Exercise objective: In the data that follows, find each line containing "Suites" and copy it.
══ Task material ══
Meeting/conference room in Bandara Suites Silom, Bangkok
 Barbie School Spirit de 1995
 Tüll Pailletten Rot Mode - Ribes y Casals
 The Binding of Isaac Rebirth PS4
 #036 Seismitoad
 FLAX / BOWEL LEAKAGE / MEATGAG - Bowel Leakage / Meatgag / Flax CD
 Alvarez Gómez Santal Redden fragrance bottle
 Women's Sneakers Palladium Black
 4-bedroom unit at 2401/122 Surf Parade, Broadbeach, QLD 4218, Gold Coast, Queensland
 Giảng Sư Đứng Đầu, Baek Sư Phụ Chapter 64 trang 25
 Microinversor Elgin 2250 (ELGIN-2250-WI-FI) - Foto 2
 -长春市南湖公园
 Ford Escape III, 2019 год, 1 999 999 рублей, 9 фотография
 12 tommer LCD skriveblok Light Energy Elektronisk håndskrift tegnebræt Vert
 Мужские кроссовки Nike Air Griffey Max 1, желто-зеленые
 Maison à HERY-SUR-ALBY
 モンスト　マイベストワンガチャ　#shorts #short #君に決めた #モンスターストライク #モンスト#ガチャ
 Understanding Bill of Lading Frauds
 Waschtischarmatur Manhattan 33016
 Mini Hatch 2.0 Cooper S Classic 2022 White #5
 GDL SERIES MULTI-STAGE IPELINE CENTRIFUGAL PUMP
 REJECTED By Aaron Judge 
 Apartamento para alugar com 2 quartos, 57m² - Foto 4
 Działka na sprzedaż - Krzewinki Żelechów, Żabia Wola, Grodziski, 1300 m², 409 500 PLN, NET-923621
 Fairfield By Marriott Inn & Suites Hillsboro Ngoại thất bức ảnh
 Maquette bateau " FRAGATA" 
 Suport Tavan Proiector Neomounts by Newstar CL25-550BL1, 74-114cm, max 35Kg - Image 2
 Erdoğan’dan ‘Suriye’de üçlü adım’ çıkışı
═══
Response area:
Meeting/conference room in Bandara Suites Silom, Bangkok
 Fairfield By Marriott Inn & Suites Hillsboro Ngoại thất bức ảnh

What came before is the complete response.